Member of the U.S. House of Representatives from Iowa's 8th district
- In office June 4, 1923 – March 3, 1925
- Preceded by: Horace Mann Towner
- Succeeded by: Lloyd Thurston

Personal details
- Born: March 17, 1863 Wayne County, Iowa, U.S.
- Died: July 9, 1941 (aged 78) Corydon, Iowa, U.S
- Party: Republican
- Education: University of Iowa

= Hiram K. Evans =

American politician (1863–1941)

Hiram Kinsman Evans (March 17, 1863 – July 9, 1941) served part of one term as a Republican U.S. Representative from Iowa's 8th congressional district.

Born in Walnut Township, Wayne County, Iowa, Evans attended the country schools and Seymour and Allerton (Iowa) High Schools. He graduated from the University of Iowa College of Law at Iowa City, Iowa in 1886. He was admitted to the bar that year, and commenced practice in Holdrege, Nebraska. He moved to Seymour, Iowa in 1887, and to Corydon, Iowa in 1889 and continued the practice of law. He served as prosecuting attorney for Wayne County, Iowa from 1891 to 1895.

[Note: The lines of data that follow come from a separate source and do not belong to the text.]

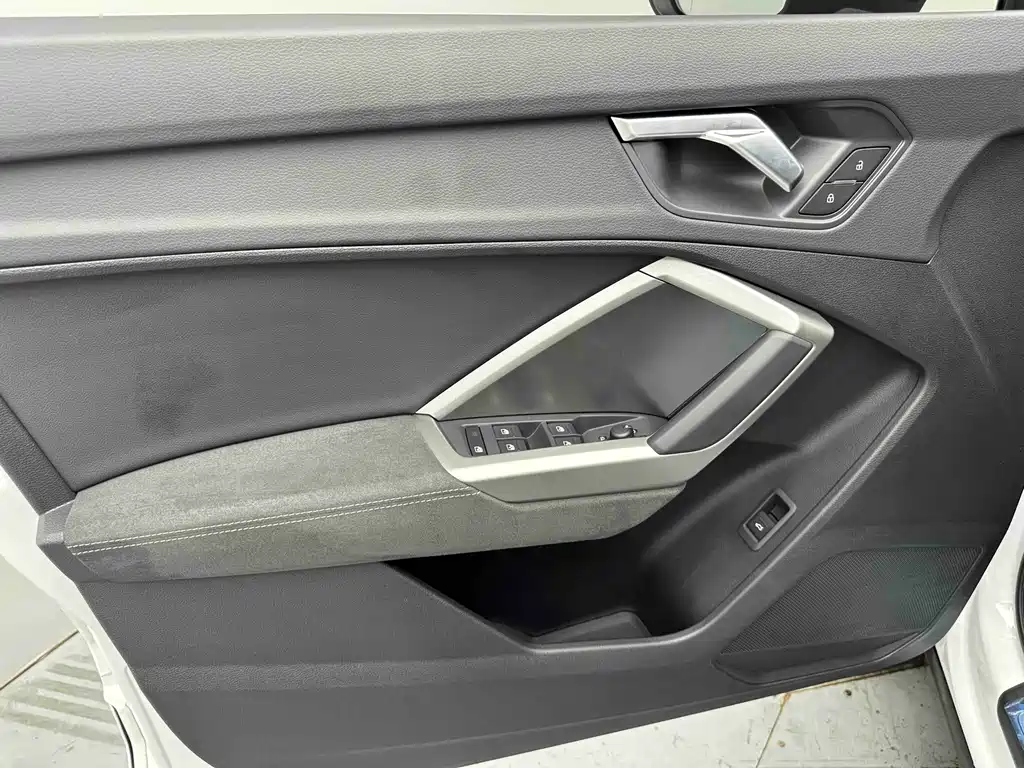 Audi Q3 — миниатюра 10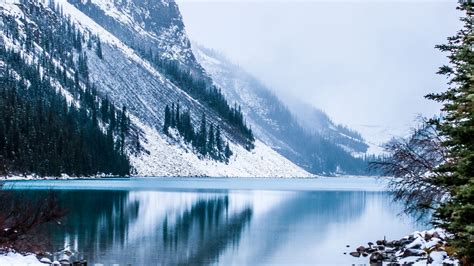 Download Wallpaper 1600x900 Lake Mountain Fog Snowy Mountain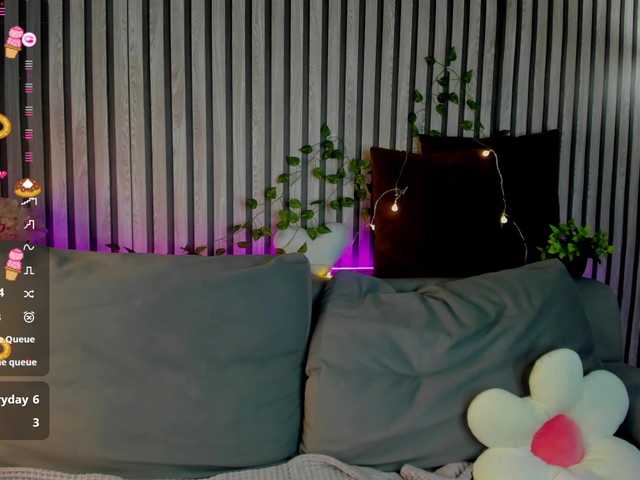 Casey-Sweeet's BongaCams show and profile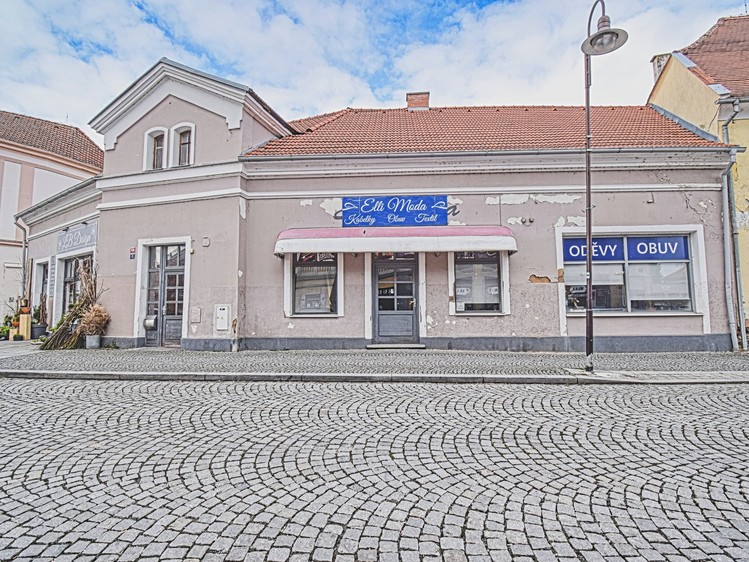 Pronájem obchodního prostoru 120 m² - foto 1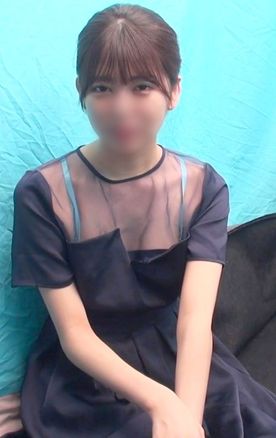 【個人撮影】もしかしたら齋〇飛鳥よりも小顔な貧乳OLさん♥ 3Pで2本のチンポを味わって中出しまで受け入れちゃう♥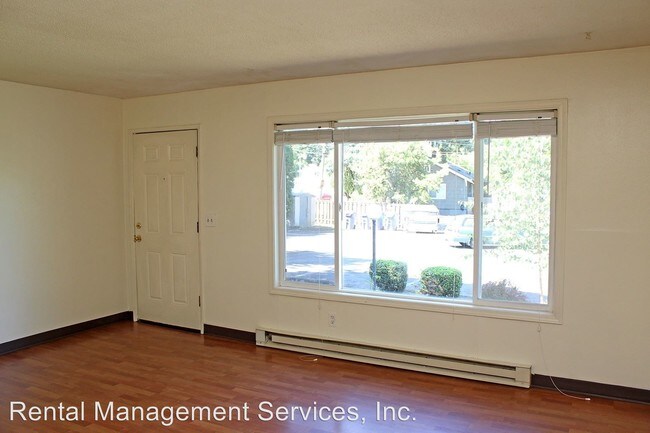 Building Photo - 12021 SE Foster Rd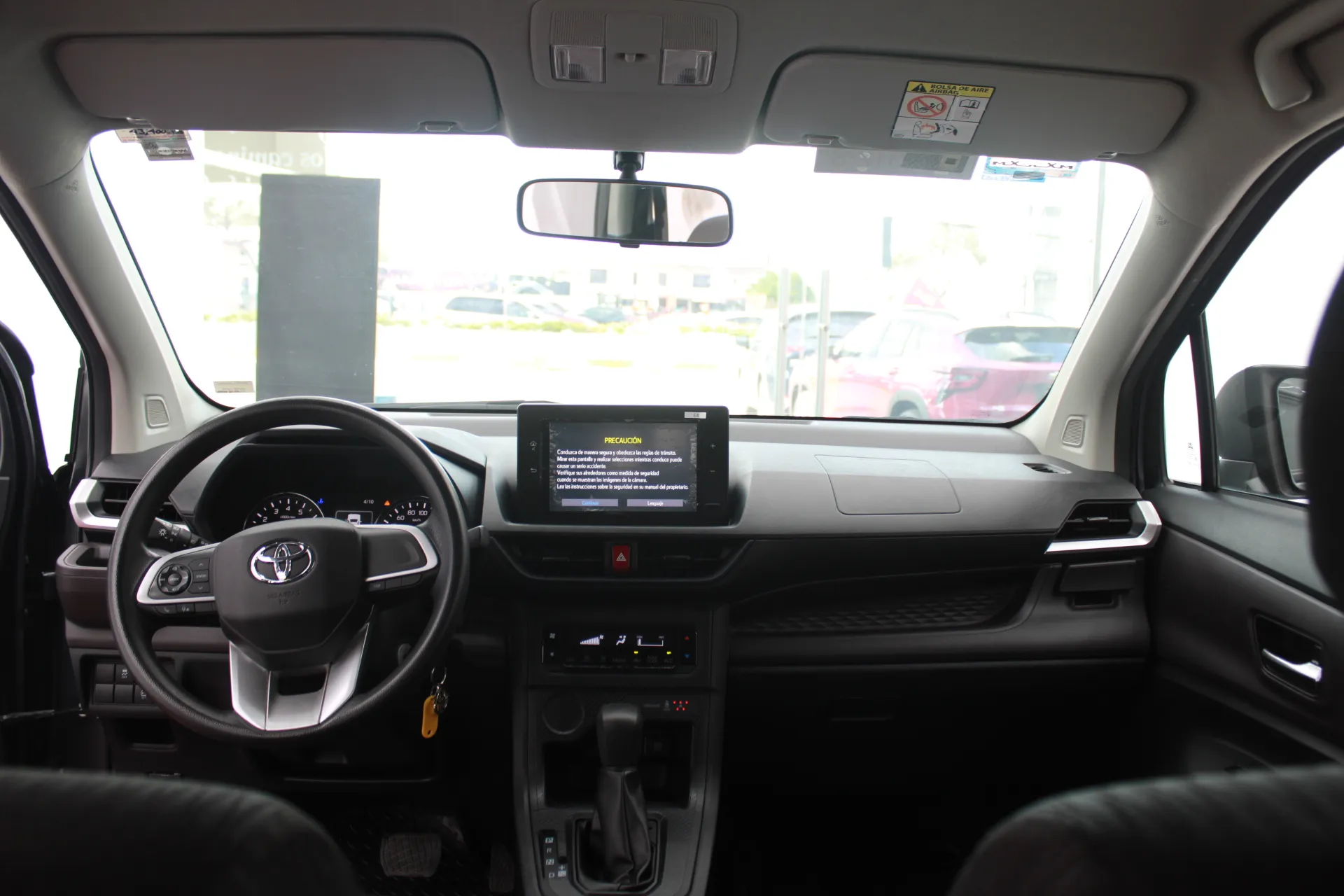 Toyota AVANZA XLE CVT 2023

He was elected to one two-year term as member of the Iowa House of Representatives in 1896 and 1897. He was appointed as a member of the board of regents of the University of Iowa, serving from 1897 to 1904. He was elected mayor of Corydon, serving from 1901 to 1903. He was a judge of the third judicial district of Iowa from 1904 until 1923, when he resigned.

In 1923, Horace M. Towner resigned his seat representing Iowa's 8th congressional district in the U.S. House, soon after his sixth term began, when President Warren G. Harding appointed him Governor of Puerto Rico. In a special election, Evans was elected as a Republican to serve out the remainder of Towner's term in the Sixty-eighth Congress. He declined to be a candidate for renomination in 1924. In all, Evans served from June 4, 1923, to March 3, 1925.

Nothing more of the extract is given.